Am I funny enough to write something worth reading? I’m good with a one liner in the boat, how about with a multi-liner on paper. Well, here goes.
We are in the lull between spring fishing and summer fishing, a.k.a. runoff. I could tell you about the Mother’s Day Caddis fishing of last week, or the anticipation and excitement of the Salmon fly hatch right around the corner. Instead I’ll tell you “Don’t lend me your rod!”. I probably shouldn’t advertise it but I have a hard time remembering just how many rods have broken in my hand. It has gotten to the point that every time I cast a customer’s rod I say a small prayer and wince just a little bit. I was reminded of rod breakage just the other day when I fished with a regular who retold the story of the time I took a friend of his on the spring creeks. Said friend broke not one but TWO of my high-end rods in a single day….a record that remains unequaled. I admit that 15 years of guiding has made me a little insensitive to breaking rods but that day hurt a bit.

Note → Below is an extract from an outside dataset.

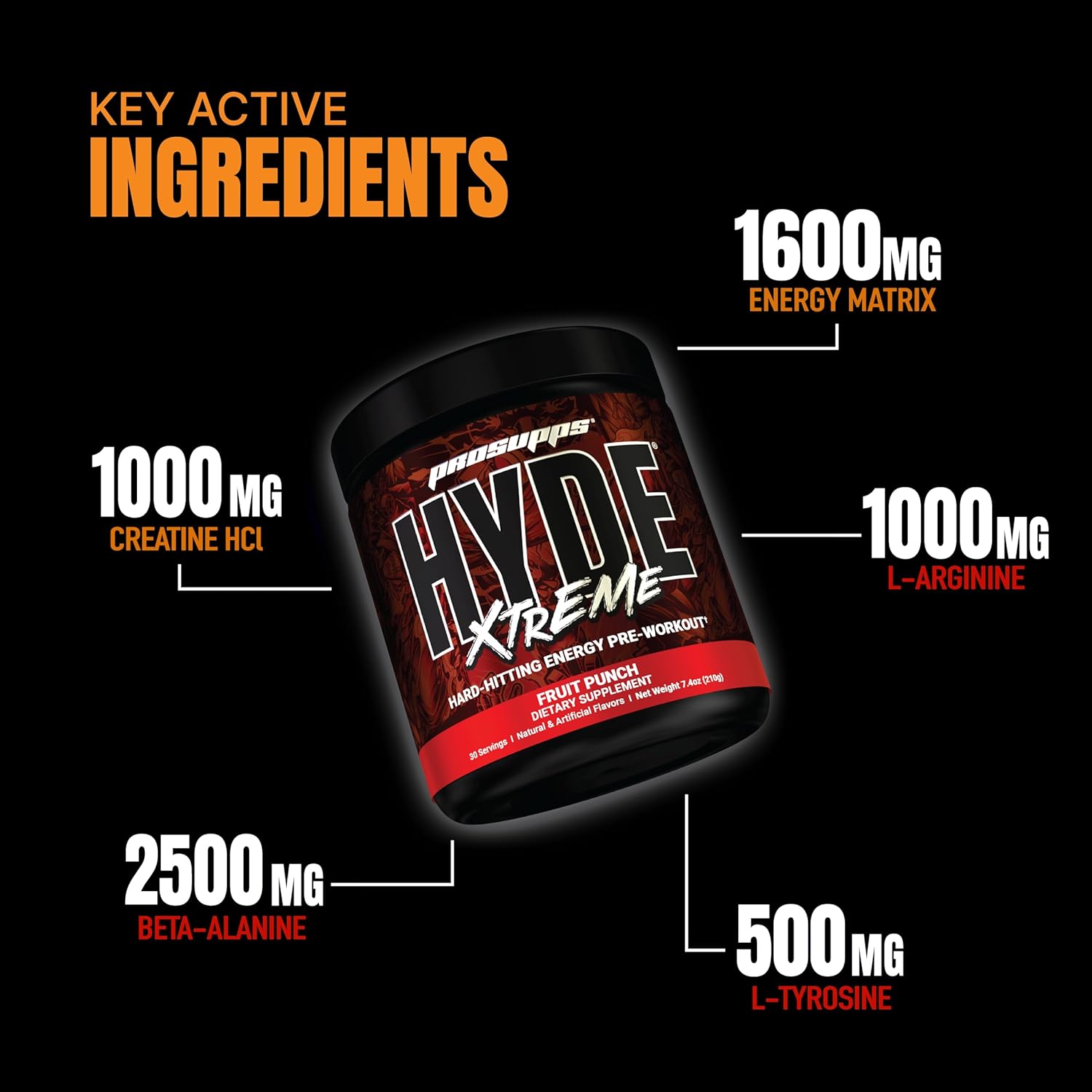 Prosupps Hyde Xtreme Hard Hitting Energy Pre Workout 30servings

Just as often it is the other way around and I am the breaker. One such event sticks in mind above all others. I was guiding the lower Yellowstone and the hopper fishing had “slowed down” late in the day. I felt that, in fact, the fishing was holding steady and suggested that my anglers were suffering from attention deficit issues and just weren’t attending to the details that meant the difference between a successful drift and an ignored one. After some friendly verbal jousting a challenge was presented and accepted. I took the rod, and my angler took the oars…..bad idea. I feel like I won the argument as I hooked a very nice brown in short order. I hooked him on a lovely 9 foot 5 weight and landed him on a ratty 5 foot 9 weight. The rod’s metamorphosis was quick and accompanied by a sickening sound instantly recognizable to all within earshot. Stunned silence was quickly replaced with laughter. While this could have been looked upon as a tragedy by some, this good sport, simply said “what a great end to a great rod”. It was a good reminder for me that I always try to carry with me on the rivers…it’s about the experience, not about the gear.